Тут же был отправлен нарочный с охраной в Ташкент, с радостной и долгожданной вестью, что войско добралось до Амударьи. Телеграф уже построили, так что донесение из Ташкента достигнет столицы быстро.
Свободные от службы люди бросились в реку купаться и мыться. Радостный крик, смех и шутки звучали повсеместно. Играл оркестр, входивший в состав 3-го стрелкового батальона.
— А что, ребятки, не найдется ли среди вас охотников пригнать ко мне вон тот каюк? — Кауфман прищурился, указывая на лодку, застрявшую на мели.
Охотники нашлись. На вызов явились уральские казаки во главе с прапорщиком Каменецким. Каюк находился в трестах саженях от берега. К тому же дул сильный ветер, поднявший большую волну, да и течение было быстрым.
Уральцы быстро разделись до исподнего и бесстрашно поплыли. Казалось бы, в чем сложность проплыть триста саженей, а затем снять каюк с мели? Вроде ничего невыполнимого в таком деле нет, но мы знали, что в Аму водятся сомы, которые могут спокойно проглотить человека. Да и волны сильно мешали пловцам.
Уральцы добрались до цели благополучно. Весь берег наблюдал, как провозившись минут тридцать, они смогли справиться с лодкой, сняли ее с мели и направили к нам. Офицеры хохотали в голос, видя, как Каменецкий накинул на плечи трофейный хивинский халат и растопырился, пытаясь изобразить собой и мачту, и парус.

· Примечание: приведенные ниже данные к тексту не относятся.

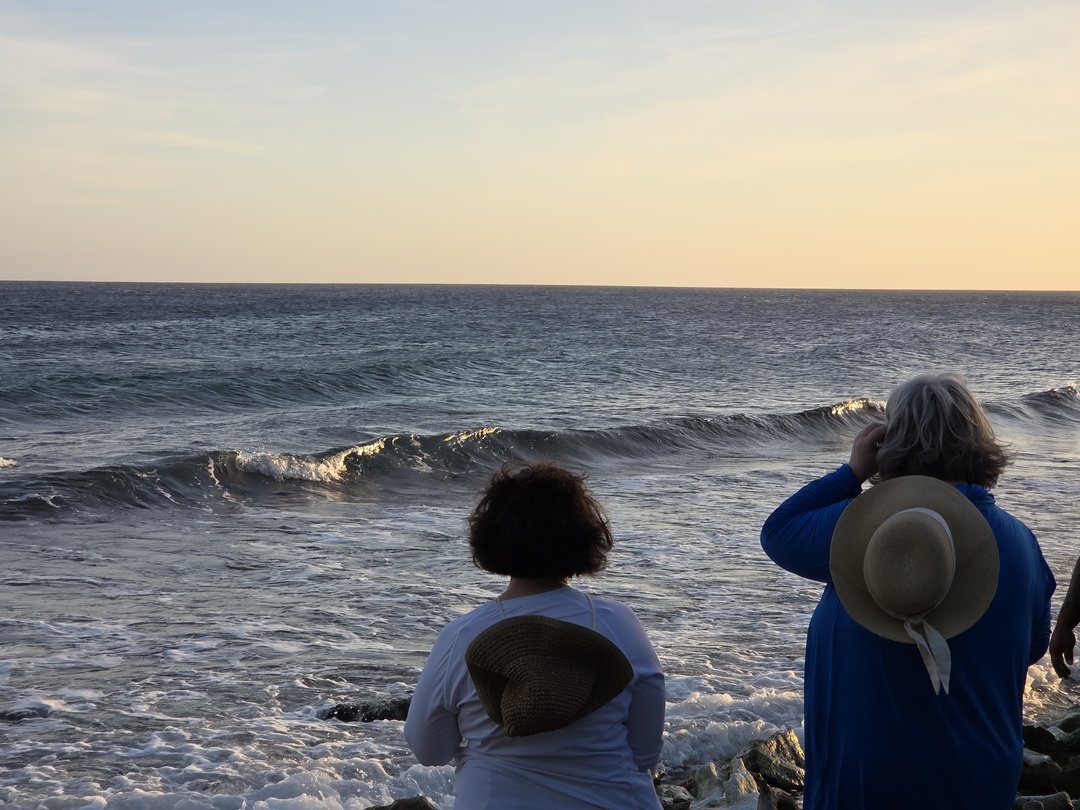 Two people in sun hats, seen from behind, watching a wave roll in at the rocky surf line under a warm evening sky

Кауфман лично поблагодарил казаков, приказал выдать им «для согрева» по чарки водки, а заодно подарил сто рублей на всю команду. В каюке нашлось две коровы, несколько баранов, запас лепешек, риса, две шашки, три халата и прочее. Всё это разрешено было оставить, как военную добычу, удальцам-уральцам. Кауфман нуждался в прочной лодке для переправы, и он ее получил.